尾根の右斜面は万太郎谷に向かってスラブを交えて切れ落ち、豪雪地帯らしい景観を示す。登るに連れて、草原状の万太郎谷源流域とそれを取り囲む谷川岳、オジカ沢ノ頭の稜線が迫ってくる。まだ朝早い内で涼しいし、周囲の景色も良いし、楽しい登りが続く。
樹林が消え、一面の笹原に覆われた尾根を登ると、茂倉岳避難小屋に着く。中を覗くと、綺麗で居心地の良さそうな小屋だ。外にWCあり。小屋の裏手の笹原を1分下ると水場があり、パイプからバンバン冷たい水が流れ出している。
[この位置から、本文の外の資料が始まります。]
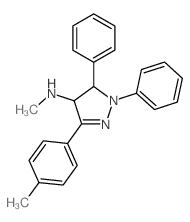 1H-Pyrazol-4-amine,4,5-dihydro-N-methyl-3-(4-methylphenyl)-1,5-diphenyl- structure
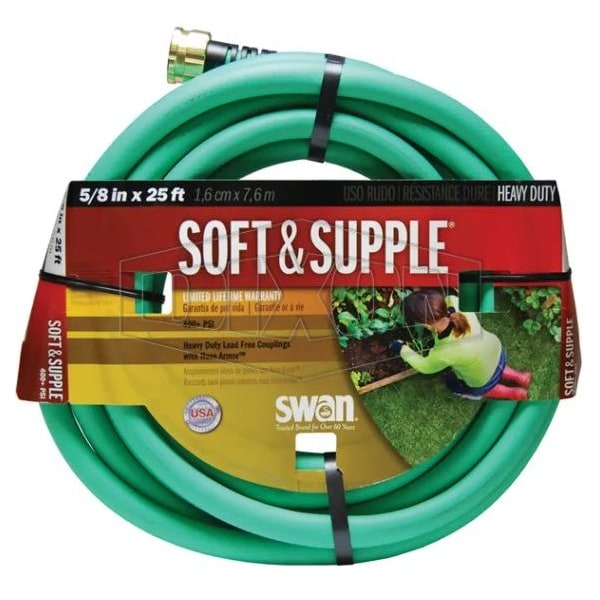 5/8 in ID x 25 ft L Garden Hose, Rubber Tube, Green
もちろん、小屋の前からは展望が良い。ここは一度泊まってみたいかも。
避難小屋から笹原の尾根をのんびり上がる。大きなザックを背負ったソロのおじさんが、少し先をゆっくり登っている。もしかして、昨晩は小屋に泊まったのかな。
ゆるゆると登って、茂倉岳の頂上に着く。360度の展望が一気に開け、どちらを見ても山また山の大パノラマである。1992年に谷川岳〜蓬峠を縦走して以来の2度目の登頂だが、全然記憶になくて新鮮な眺めだ。おじさんに話を伺うと、やはり小屋泊まりとのこと。他の宿泊者は1人だけだったそうで、それくらいならば落ち着けて良いなあ。
おじさんはこの辺りの山は詳しくないとのことなので、指呼して教えて差し上げる。北には、高さはここより一段低いが、稜線直下の急峻な岩壁が目を惹く武能岳、その向こうには尖鋒の大源太山、遠くに巻機山を望む。
視線を右(東)に転じれば、湯檜曽川を隔てて清水峠から朝日岳、白毛門へと稜線が続き、その向こうには、八海山と中ノ岳、平ヶ岳、燧ヶ岳、至仏山、日光白根山、武尊山、赤城山と、錚々たる山々を遠望する。
南には一ノ倉岳と谷川岳が近く、その間のギザギザの稜線の向こう側は一ノ倉沢だ。一ノ倉岳まで往復して、向こう側を覗き込んで見たい気もするが、近いとは言っても往復40分かかるので、今回は割愛。谷川岳から西へ、オジカ沢ノ頭、万太郎山、仙ノ倉山、平標山と続く。谷川連峰の向こうには子持山、榛名山、噴煙を上げる浅間山、平標山の右奥に苗場山が眺められる。苗場山の奥には北アまで見えた。
展望を楽しんでいると、トレランの若者1人が北から上がって来た。なんと、朝5時に山麓を発って大源太山を越えて来たそうで、目が点である。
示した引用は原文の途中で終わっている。